|photo by bk|
This past Monday marked my one-year “layoffiversary” from the Associated Press. It was a pretty pivotal moment in my life. Technically I didn’t stop working until one month later, but Nov. 15, 2009 remains severely etched in my memory. I remember feeling nauseous and then telling myself, unsuccessfully, not to cry in front of my bosses. There is nothing like being in a small office with two suited bosses as they hand you that packet and you realize that within a matter of seconds, your entire life has dramatically changed.
It wasn’t just losing a job. It felt like losing part of my identity. I would no longer be able to call myself a reporter from the Associated Press when I made calls. For awhile, I wouldn’t have a job to get up and go to every morning – a purpose. I was reminded of all these feelings on Monday when I realized what the date was and when my video storytelling professor had us watch the trailer for the movie “Up in the Air.” I don’t want to spoil the plot if you haven’t seen it before, but the main character played by George Clooney works for a company that’s hired by other companies to lay off their employees. I saw it in the theatre soon after my own lay off, and it choked me up at the time. I mentioned this to my professor who told me she, too, saw it right after being laid off last year. It was nice to be able to empathize.
I’ve been thinking a lot about that moment last year. It marked the end of so many things and the beginning of the new adventure that’s eventually led me to where I am now. It’s been a year of so many changes – the end of a relationship I thought was going to last far longer – the start of me trying to finally forgive and even love myself – the establishment and subsequent dissolutions of other personal relationships, etc. I had my heart broken again and again. I broke a heart again and again. I let go of a love. I fell in love unexpectedly. I applied to graduate school. I turned down a job. I moved twice – once to a new apartment and once to a new city and state. I took a new job. I crashed the first new car I’d ever bought. I started school again. I got Ruby. I went to the Caribbean. I lived by myself for the first time in awhile. I experienced my first Election Day not spent working in about 7 years. It’s all been so overwhelming at times. Sometimes I still feel like I’m just moving one foot slowly in front of another and trying to maintain my precarious balance. And now it’s been an entire year since then, marking what’s been one of the most erratic and life-changing years of my young life.

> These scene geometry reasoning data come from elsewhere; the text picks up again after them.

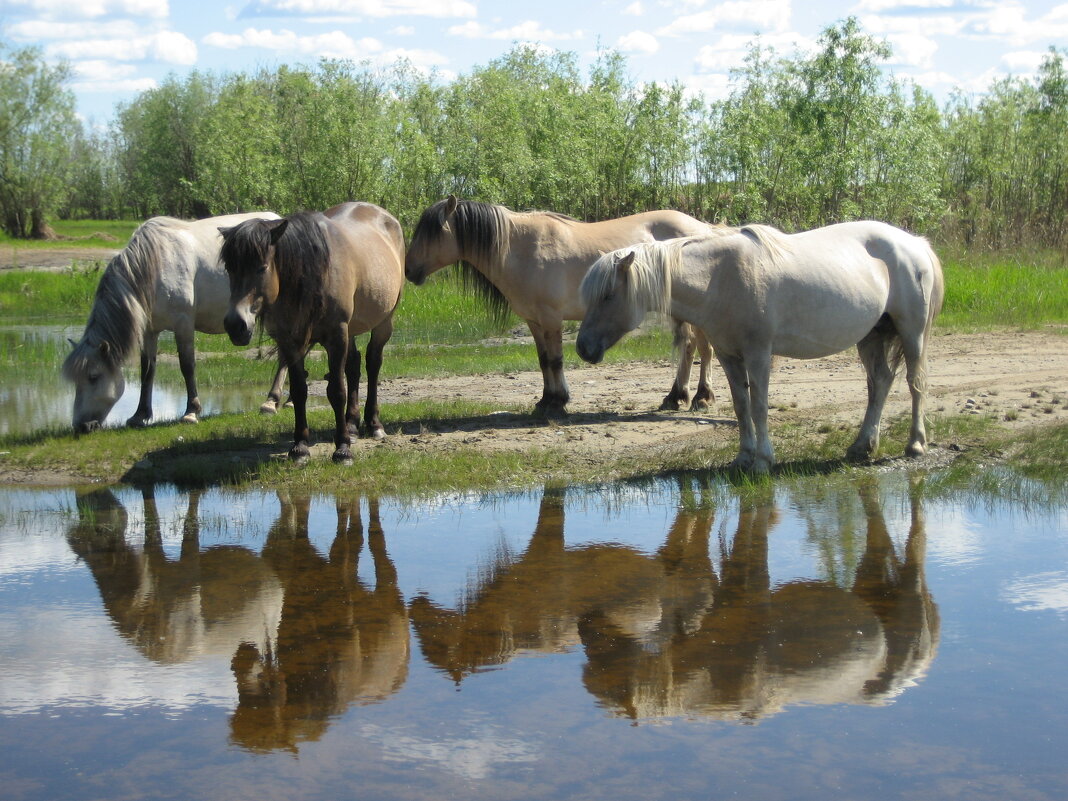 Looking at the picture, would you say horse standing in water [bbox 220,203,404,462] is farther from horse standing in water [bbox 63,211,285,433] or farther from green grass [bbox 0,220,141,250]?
green grass [bbox 0,220,141,250]

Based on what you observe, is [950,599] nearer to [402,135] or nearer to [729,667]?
[729,667]

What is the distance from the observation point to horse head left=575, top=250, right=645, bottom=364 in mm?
7605

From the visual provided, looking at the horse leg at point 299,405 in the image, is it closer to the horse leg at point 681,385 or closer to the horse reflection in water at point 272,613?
the horse reflection in water at point 272,613

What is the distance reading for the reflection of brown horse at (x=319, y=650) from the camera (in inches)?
164

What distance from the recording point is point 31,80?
141 ft

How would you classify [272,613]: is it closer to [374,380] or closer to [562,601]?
[562,601]

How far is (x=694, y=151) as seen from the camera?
81.6ft

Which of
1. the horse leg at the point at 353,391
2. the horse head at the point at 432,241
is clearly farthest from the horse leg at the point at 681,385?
the horse leg at the point at 353,391

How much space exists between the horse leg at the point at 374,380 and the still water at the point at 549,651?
253 cm

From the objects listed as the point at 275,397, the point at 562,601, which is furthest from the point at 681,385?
the point at 562,601

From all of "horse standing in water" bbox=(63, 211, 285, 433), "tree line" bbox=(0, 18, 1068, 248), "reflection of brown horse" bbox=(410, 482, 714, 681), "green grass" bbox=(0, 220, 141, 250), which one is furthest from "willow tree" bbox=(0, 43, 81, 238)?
"reflection of brown horse" bbox=(410, 482, 714, 681)

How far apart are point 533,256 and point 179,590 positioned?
5.66 metres

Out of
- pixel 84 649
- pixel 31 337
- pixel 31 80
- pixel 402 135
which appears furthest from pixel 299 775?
pixel 31 80

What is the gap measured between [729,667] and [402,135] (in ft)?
78.9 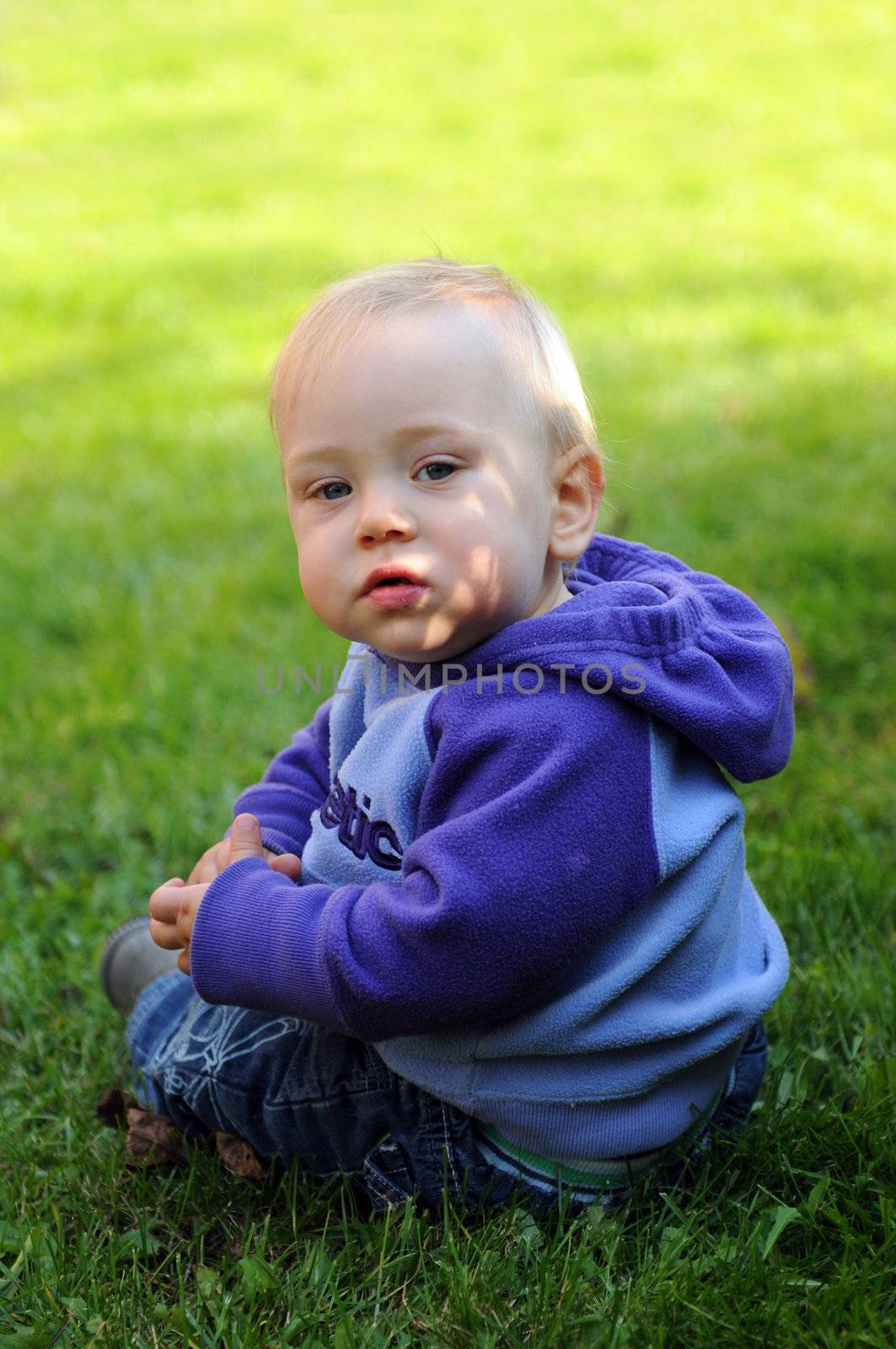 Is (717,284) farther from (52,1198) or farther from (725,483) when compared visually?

So I’m watching “Up in the Air” again tonight, drinking wine and petting my dog. I’m thinking about people and emotional baggage, and my fear of losing people, not places, not memories. I cling on to people and that makes my current state even stranger. I’ve been lonely despite my efforts not to be. All of this thinking has made me crave comfort food. Last year, my dear friends threw a dinner party in my honor following my last day of work. It was one of the nicest things that anyone’s done for me. I needed that feeling this week so I’m trying to recreate it. Collards cooked with chicken broth, garlic and sausage with garlic mashed potatoes. It’s warm and comforting and I’m trying to regain the optimism I know is lurking within.